L’impact de la hausse récente de l’euro peut sembler marginal mais ne l’est pas dans une situation où l’économie est en phase de stabilisation et l’inflation sur une tendance baissière. Jusqu’à présent, les risques sur l’inflation étaient considérés comme équilibrés par la BCE : risques à la hausse liés au prix des matières premières et aux éventuelles augmentations de taxes ; risques baissiers liés à la faiblesse de la croissance. La prise en compte de la récente appréciation du taux de change dans son analyse pourrait conduire la BCE à introduire un biais baissier sur l’inflation. La conséquence pourrait être une réduction de taux.

Dans ce contexte, l’inflation de la zone euro qui sera publiée le 31 octobre revêt une importance particulière. La hausse de la TVA italienne de 1pt en octobre pourrait avoir un léger effet haussier sur l’inflation de la zone euro mais malgré cet effet, le taux d’inflation ne devrait guère dépasser le niveau de septembre (1,1%), sensiblement sous l’objectif de la BCE (proche de 2%). Certes, c’est l’inflation anticipée à moyen terme qui est importante et non l’inflation courante mais il ne faudrait pas que la faiblesse actuelle de l’inflation ne pèse sur les anticipations des agents. Par ailleurs, les déterminants de l’évolution des prix continuent de suggérer la poursuite de la désinflation : la zone euro est toujours en situation de surcapacités impliquant une tendance baissière sur les coûts salariaux unitaires. En l’absence d’un choc exogène sur les prix (pétrole, taux de change, taxes), il est difficile d’imaginer un retour de l’inflation vers 2% dans les deux années qui viennent. Si la baisse de l’inflation est une bonne nouvelle pour les ménages européens, leur permettant de regagner du pouvoir d’achat dans un contexte où le marché du travail continue de se dégrader, elle a toutefois plusieurs inconvénients, en particulier un effet haussier sur les taux d’intérêt réels conduisant à une dégradation des conditions monétaires et un impact baissier sur le PIB nominal rendant plus difficile le désendettement.

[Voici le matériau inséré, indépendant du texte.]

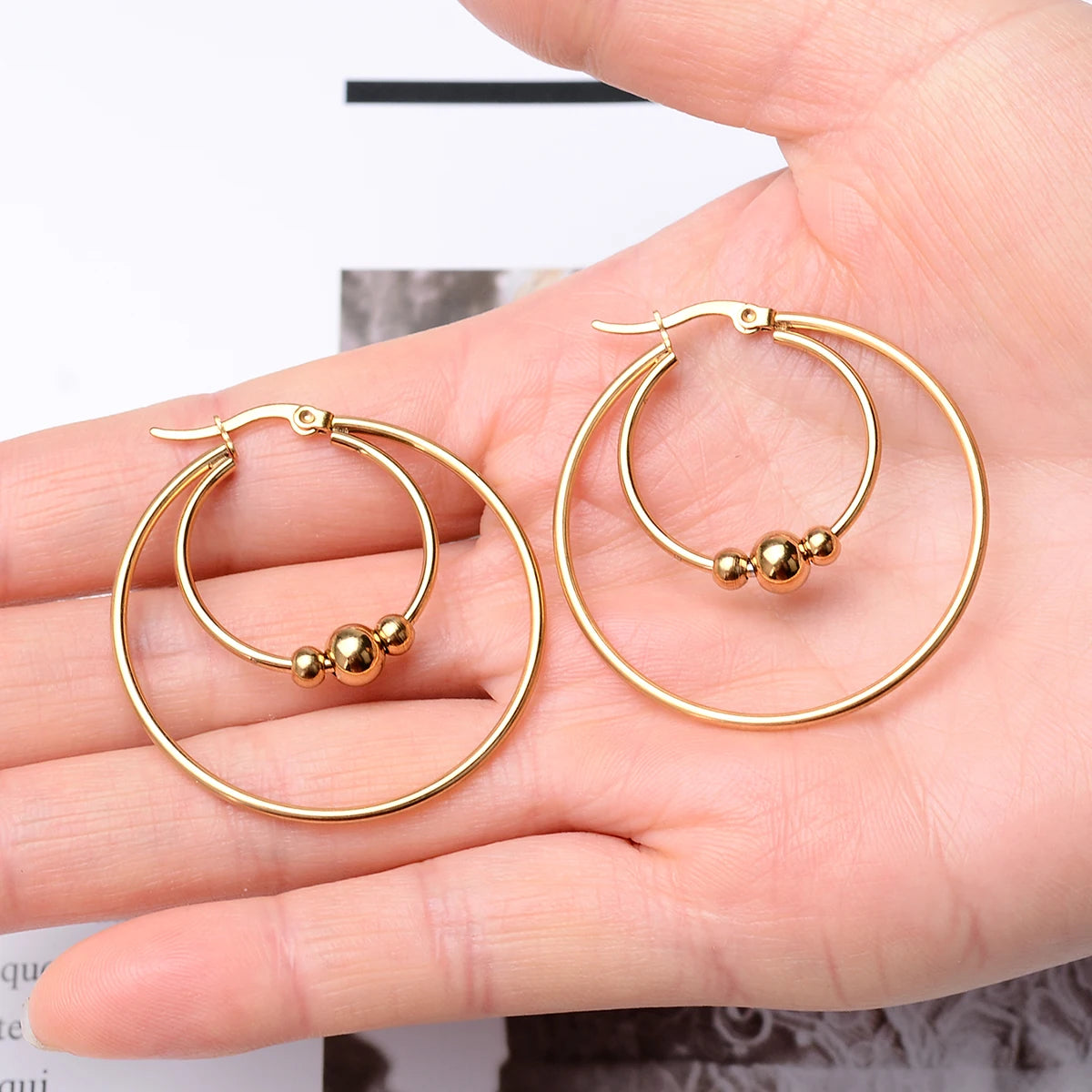 2Pc Stainless Steel Exaggerated Round Bead Hoop Earring Women Men Smooth Design Vintage Double Rings Earring Personality Jewelry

Autre facteur important, l’affaiblissement des différents indicateurs de confiance dans la zone euro en octobre. S’ils ne sont pas surprenants dans la mesure où l’activité ne devrait guère progresser au T4-2013 (nous attendons une augmentation de 0,1% T/T du PIB), ils constituent cependant une mauvaise nouvelle en jetant un doute sur la solidité de la reprise. Nous pensons que ces indicateurs vont vraisemblablement continuer d’osciller à un niveau proche de la limite entre contraction et expansion de l’activité pendant encore plusieurs mois. Cette légère dégradation pourrait également être un facteur supplémentaire poussant la BCE à agir.

Enfin, la baisse de la liquidité excédentaire a également un effet haussier sur les taux courts. De plus, avec le lancement de l’AQR (Asset Quality Review), les tensions sur les banques pourraient réapparaître.

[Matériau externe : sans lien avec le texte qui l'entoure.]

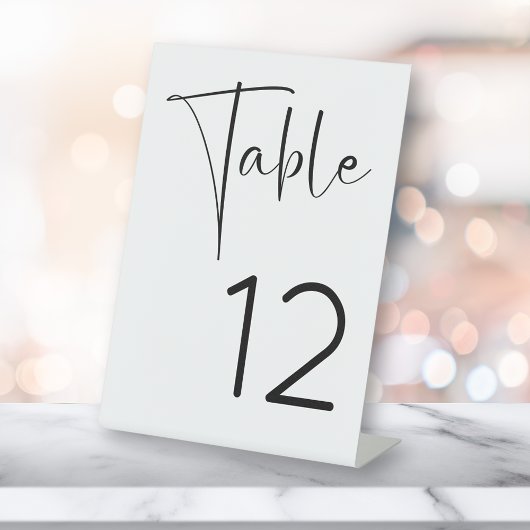 スクリプトモダンブライダルシャワーテーブル番号 台座サイン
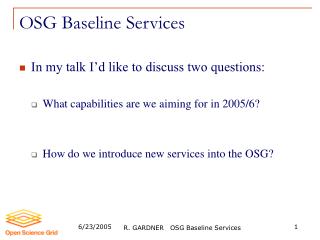 OSG Baseline Services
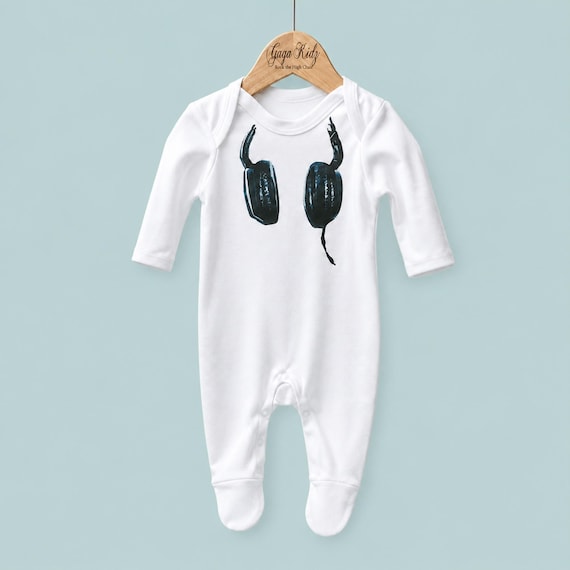 Baby DJ Headphones Romper: Hipster Music Gift, 100% Cotton Sleep Suit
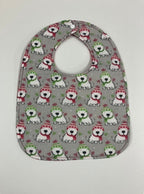 Reversible Bib - Christmas Dogs / Red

Si cette dernière baisse de taux repo permettrait une détente des conditions monétaires, elle ne serait toutefois pas suffisante pour résoudre les problèmes de fragmentation des marchés de la zone euro et il faudra vraisemblablement que la BCE trouve d’autres outils pour agir : VLTRO ? Financement des agents privés via des achats d‘ABS ? Extension des achats de covered bonds ?

NOTES

  1. Cf. Edito Eco Hebdo du 12/07/2013 « BCE vs Fed : quelle “forward guidance” ? ».
  2. Cf. Edito Eco Hebdo du 11/10/2013 « Yellen, la Fed et le shutdown ».».